Injuste ? Soyons honnête : Deux heures à tuer est assez laid formellement, qui souffre d’une photographie dégueulasse, un peu comme si le film était pensé pour les télévisions noir et blanc de l’époque. Alors forcément, le premier réflexe serait de passe à autre chose et de ne pas même voir si une réhabilitation était envisageable.
Et puis, aussitôt après ce premier réflexe vient un autre constat : cette voix off qui introduit le film, plante le décor, et enserre d’emblée le drame dans le huis-clos d’une petite gare de province. Cette entrée en matière est en soi très originale, dans sa manière assumée de ne rien montrer du drame, ces meurtres qui s’enchaînent dans cette petite ville habituellement si tranquille. Et cette voix off n’est pas celle de n’importe qui : Jean-Roger Cossimon, chanteur et parolier que Bertrand Tavernier réhabilitera quelques années plus tard, et dont la voix fascinante plante formidablement le décor.
Une petite gare, donc, dont on ne sortira à aucun moment. Et une poignée de personnages qui tuent le temps, dans ces deux petites heures qui les séparent de leur train. Le film respecte quasiment l’unité de temps. Il respecte totalement l’unité de lieu, et s’avère un modèle de construction pour introduire les différents personnages, en gardant leur part de mystère.

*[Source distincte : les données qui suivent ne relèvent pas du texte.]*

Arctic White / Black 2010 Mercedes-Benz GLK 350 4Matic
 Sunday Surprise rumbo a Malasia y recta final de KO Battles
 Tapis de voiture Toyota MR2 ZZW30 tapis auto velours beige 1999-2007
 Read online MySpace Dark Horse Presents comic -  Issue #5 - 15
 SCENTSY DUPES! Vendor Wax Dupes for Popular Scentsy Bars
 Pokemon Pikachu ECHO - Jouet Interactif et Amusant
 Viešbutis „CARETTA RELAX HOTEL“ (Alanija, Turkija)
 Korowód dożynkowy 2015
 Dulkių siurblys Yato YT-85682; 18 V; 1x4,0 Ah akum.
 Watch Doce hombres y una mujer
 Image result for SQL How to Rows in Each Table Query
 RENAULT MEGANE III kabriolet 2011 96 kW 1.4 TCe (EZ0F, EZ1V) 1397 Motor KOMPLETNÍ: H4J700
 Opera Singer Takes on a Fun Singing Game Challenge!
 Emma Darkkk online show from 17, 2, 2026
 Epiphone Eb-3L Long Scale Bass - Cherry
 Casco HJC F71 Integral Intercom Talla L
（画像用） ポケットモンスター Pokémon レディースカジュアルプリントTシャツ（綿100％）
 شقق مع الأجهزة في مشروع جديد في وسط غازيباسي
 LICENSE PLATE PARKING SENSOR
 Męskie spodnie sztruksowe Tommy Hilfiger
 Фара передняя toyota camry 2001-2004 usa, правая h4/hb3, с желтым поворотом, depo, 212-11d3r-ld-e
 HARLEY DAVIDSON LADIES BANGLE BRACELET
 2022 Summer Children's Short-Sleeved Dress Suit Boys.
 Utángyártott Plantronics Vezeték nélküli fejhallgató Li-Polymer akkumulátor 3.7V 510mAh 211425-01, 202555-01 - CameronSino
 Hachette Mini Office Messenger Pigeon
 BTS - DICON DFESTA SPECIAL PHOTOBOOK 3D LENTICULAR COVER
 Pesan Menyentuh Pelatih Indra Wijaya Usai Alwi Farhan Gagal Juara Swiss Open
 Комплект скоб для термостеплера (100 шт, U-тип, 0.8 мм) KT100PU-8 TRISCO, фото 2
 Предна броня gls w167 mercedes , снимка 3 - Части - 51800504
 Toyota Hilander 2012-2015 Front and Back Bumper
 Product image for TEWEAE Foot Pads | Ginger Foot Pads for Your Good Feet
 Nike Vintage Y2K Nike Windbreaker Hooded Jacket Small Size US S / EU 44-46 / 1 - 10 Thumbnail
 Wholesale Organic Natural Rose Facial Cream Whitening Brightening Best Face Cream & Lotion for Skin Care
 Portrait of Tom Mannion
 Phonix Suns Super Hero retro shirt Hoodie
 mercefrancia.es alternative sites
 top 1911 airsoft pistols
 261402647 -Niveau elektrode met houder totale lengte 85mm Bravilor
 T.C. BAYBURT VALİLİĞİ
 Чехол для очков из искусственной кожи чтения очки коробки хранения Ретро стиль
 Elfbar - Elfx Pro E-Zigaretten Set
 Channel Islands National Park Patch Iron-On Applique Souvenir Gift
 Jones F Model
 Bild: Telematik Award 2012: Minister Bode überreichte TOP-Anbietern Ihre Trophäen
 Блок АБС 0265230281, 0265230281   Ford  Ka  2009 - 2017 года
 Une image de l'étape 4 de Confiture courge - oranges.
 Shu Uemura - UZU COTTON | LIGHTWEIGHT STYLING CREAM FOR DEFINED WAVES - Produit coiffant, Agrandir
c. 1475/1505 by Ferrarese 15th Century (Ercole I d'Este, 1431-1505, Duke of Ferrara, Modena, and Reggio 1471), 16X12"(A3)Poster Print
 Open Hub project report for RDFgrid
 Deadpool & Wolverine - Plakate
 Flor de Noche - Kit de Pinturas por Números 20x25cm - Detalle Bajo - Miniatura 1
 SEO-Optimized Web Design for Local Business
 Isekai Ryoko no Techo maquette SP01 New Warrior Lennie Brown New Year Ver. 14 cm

Il y a Cossimon lui-même, excellent en riche cocu dur de la feuille, qui se coupe volontairement du monde qui l’entoure en coupant le son de son sonotone. Et puis Catherine Sauvage en épouse calculatrice. Raymond Rouleau en amant mystérieux. Michel Simon en bagagiste bougon. Et surtout Pierre Brasseur, cabot génial.
Visuellement, le film est laid, c’est entendu. Mais il a pour lui ses voix : celle de Cossimon, celle de Simon, et celle de Brasseur, presque omniprésente, et fascinante par sa logorrhée et par les fausses pistes qu’elle véhicule : est-ce la voix d’un flic, comme on se l’imagine ? Est-ce celle d’un fin limier ou d’un idiot crédule ? Il faudra la fin assez radicale pour trouver des réponses.
Malgré ses limités esthétiques assez évidentes, Deux heures à tuer séduit et emporte, par la qualité de son scénario, par son interprétation, et par sa manière aussi, mine de rien, d’invoquer les fantômes de l’occupation au gré de ses dialogues et des apparitions répétées de policiers en uniforme. Une curiosité.